Ámbar


Ámbar era el color de sus ojos y también de su aura. María lo descubrió un día, cuando salíamos de la casa de Martina. Entonces, un amor meloso comenzó a treparle por los pies como las serpientes venenosas que nos encontrábamos en el río, cuando nos bañábamos todas juntas.

-No te enamores- le dije. Pero María ya tenía sus propios planes, su propia vida, su propio destino y su fatal desenlace. Yo, por mi parte, sólo sabía que aquello era un mal augurio.

Era un tipo anómalo. Llevaba a cuestas un silencio ancestral guardado en la mirada profunda y el color chocolate de su piel brillosa. Atraía a María como un magneto gigante del pocas cosas podían escaparse.

Fue entonces cuando comenzamos a tener esas reuniones nocturnas, que Martina llamaba graciosamente “nuestras brujerías”. María colocaba velas alrededor nuestro, de tal forma que simulaban un círculo perfecto, vasos con aguas cristalinas de las grutas del pueblo y luego encendía aromas traídos del medio oriente.
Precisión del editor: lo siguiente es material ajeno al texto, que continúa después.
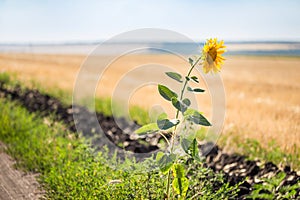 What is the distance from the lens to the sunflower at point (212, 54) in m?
2.12

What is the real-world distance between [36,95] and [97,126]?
2.17 metres

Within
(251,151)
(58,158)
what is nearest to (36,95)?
(58,158)

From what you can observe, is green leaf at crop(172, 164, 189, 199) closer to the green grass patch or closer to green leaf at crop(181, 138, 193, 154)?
green leaf at crop(181, 138, 193, 154)

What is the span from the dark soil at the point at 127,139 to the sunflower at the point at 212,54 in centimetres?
102

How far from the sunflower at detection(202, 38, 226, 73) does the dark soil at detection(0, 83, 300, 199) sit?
3.34 ft

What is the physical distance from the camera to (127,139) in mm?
4574

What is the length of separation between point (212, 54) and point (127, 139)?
102 inches

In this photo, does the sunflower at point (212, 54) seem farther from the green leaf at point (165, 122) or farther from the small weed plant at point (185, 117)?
the green leaf at point (165, 122)

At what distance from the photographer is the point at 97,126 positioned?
499cm

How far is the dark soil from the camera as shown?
10.7 feet

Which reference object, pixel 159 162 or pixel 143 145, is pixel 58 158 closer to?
pixel 143 145

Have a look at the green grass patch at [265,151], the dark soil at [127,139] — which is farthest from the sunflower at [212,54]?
the green grass patch at [265,151]

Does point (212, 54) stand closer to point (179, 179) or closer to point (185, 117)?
point (185, 117)

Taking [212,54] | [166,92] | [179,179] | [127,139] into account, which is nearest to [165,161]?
[179,179] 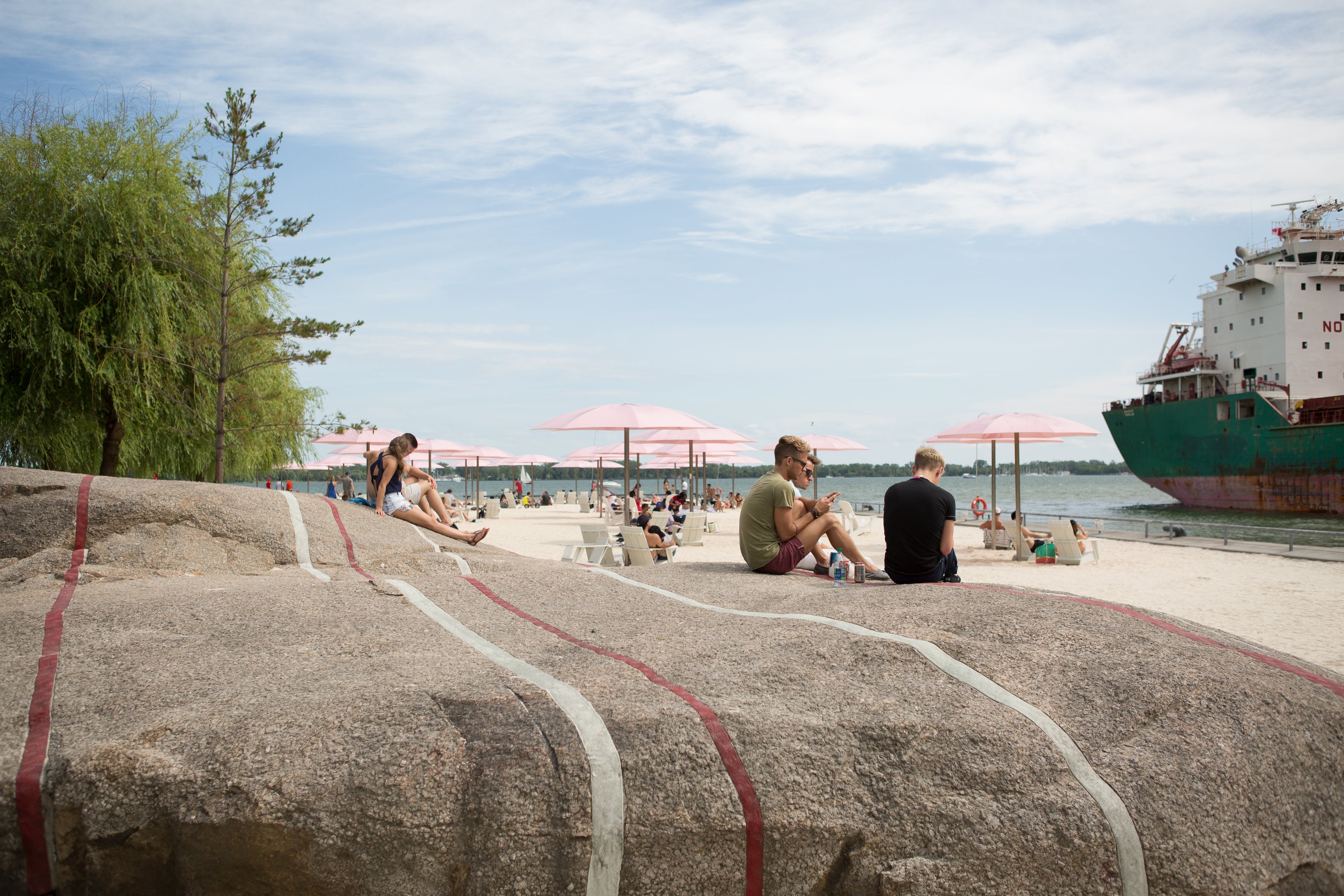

Terminaba situando platos repletos de galletas dulces para que los malos espíritus se entretuvieran con ellas y no se apoderaran de nuestras almas.

Entonces, después de untarse el ombligo con manteca de gato, comenzaba la lectura de la baraja que le había regalado su abuela. Los vaticinios para cada una no se hacían esperar: sueños, anhelos y desgracias, pero de todas, la que más le dolía a María, era saber que ese hombre nunca sería suyo y aún así amarlo con esa pasión tormentosa.

También se nos hizo común salir en las noches de luna llena o buena luna, como las bautizó Mariel, para que el llanto de María fluyera por sus ojos encantados de serpientes, pero ella sólo atinaba a pedirle a la vieja canica blanquecina, suerte para atraer el ámbar.

Logró llamar su atención una tarde en la nevería, cuando por no dejar de verlo perdió el control de sus movimientos y dejó caer al piso el helado de limón. Tan absorta estaba que no logró distinguir el instante en el que él tomó su mano para sacarla del ensueño. Era como si aquel hombre descomunal de tatuajes resaltados por el sol, hubiera sido capaz de propinarle un hechizo de amor imposible de revertir. María era suya mucho antes de haberlo sido, con la misma alegría de antaño, que era su mejor cualidad.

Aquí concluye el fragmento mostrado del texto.